A core ideas in economics is that more people means more ideas. To take an extreme case, you would expect a population of one person to generate fewer ideas that a population of one million people. The precise relationship between population and ideas depends on factors such as the fishing-out of ideas, network effects, the composition of the population and the like, but it would seem to be strongly positive.

When you combine this assumption with the Malthusian concept that the level of technology constrains population, a larger population grows faster than a smaller population as a larger population generates more ideas to ease this Malthusian constraint. Michael Kremer used this argument to explain the greater than exponential population growth of the last million or so years (although that pattern has broken down since 1950).

This argument has a counterpart in evolutionary biology. More people means more mutations. From R.A. Fisher (1930):

The great contrast between abundant and rare species lies in the number of individuals available in each generation as possible mutants. The actual number of mutations in each generation must therefore be proportional to the population of the species. With mutations having appreciable mutation rates, this makes no difference, for these will reach an equilibrium with counterselection at the same proportional incidence. The importance of the contrast lies with the extremely rare mutations, in which the number of new mutations occurring must increase proportionately to the number of individuals available.
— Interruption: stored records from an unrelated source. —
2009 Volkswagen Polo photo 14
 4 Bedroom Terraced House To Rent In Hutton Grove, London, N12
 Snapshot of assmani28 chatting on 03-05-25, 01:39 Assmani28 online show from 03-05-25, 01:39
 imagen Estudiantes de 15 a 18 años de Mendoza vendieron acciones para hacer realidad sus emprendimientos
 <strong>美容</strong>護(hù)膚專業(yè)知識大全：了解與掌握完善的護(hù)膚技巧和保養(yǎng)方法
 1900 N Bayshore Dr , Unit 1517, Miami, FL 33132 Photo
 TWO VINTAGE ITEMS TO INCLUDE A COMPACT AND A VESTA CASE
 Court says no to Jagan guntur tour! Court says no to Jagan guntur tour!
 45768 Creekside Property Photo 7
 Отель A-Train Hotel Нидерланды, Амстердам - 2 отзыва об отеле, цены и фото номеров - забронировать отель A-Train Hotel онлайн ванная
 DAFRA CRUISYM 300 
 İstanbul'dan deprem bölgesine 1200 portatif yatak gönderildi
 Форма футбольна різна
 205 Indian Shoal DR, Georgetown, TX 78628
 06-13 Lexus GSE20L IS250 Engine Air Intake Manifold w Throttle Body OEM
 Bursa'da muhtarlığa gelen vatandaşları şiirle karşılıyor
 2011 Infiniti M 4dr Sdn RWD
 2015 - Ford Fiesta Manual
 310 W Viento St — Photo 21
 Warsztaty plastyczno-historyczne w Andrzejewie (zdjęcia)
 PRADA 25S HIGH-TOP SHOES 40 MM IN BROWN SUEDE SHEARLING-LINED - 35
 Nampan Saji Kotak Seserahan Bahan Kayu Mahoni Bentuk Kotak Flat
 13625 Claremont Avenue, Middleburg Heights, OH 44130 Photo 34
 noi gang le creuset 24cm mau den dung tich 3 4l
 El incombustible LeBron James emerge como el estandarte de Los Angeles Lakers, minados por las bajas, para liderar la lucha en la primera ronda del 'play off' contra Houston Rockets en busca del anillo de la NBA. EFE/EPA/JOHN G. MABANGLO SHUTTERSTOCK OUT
It is to this class, as has been shown, that the beneficial mutations must be confined, and the advantage of the more abundant species in this respect is especially conspicuous.

The greater number of mutations then provides more variation on which natural selection can act. Larger groups will, other things being equal, experience faster evolutionary change. Fisher again:

The theoretical deduction that the actual number of a species is an important factor in determining the amount of variance which it displays, thus seems to be justified by such observations as are at present available. Its principal consequence for evolutionary theory seems to be that already inferred by Darwin, that abundant species will, ceteris paribus, make the most rapid evolutionary progress, and will tend to supplant less abundant groups with which they come into competition. We may infer that in the ordinary condition of the earth’s inhabitants a large number of less abundant species will be decreasing in numbers, while a smaller number of more abundant species will be increasing …

Combining these two concepts – more people means more ideas and more mutations – gives larger human populations a double advantage over a long-term horizon. The higher level of production of ideas and beneficial mutations provides two avenues from which large populations can continue to grow.

5 comments

  1. I wonder whether both ideas hold empirically.

    What is the assumption of a constant mutation rate based on? Why wouldn’t another mutation rate be adaptive depending on the size or density of a population. At least a relation with density sounds logical to me, more stress leads to more damage to the genome.

    1. My next post will hit on the empirical side of the mutation rate – and that seems to be holding up. If that density argument holds that would provide a second basis for accelerating mutation rates, unless you consider the fishing out effect of mutations is strong.

      There’s also a lot of work empirically estimating the returns to additional population in economics, and it generally estimates positive but diminishing returns to extra population (more ideas but some fishing out effect).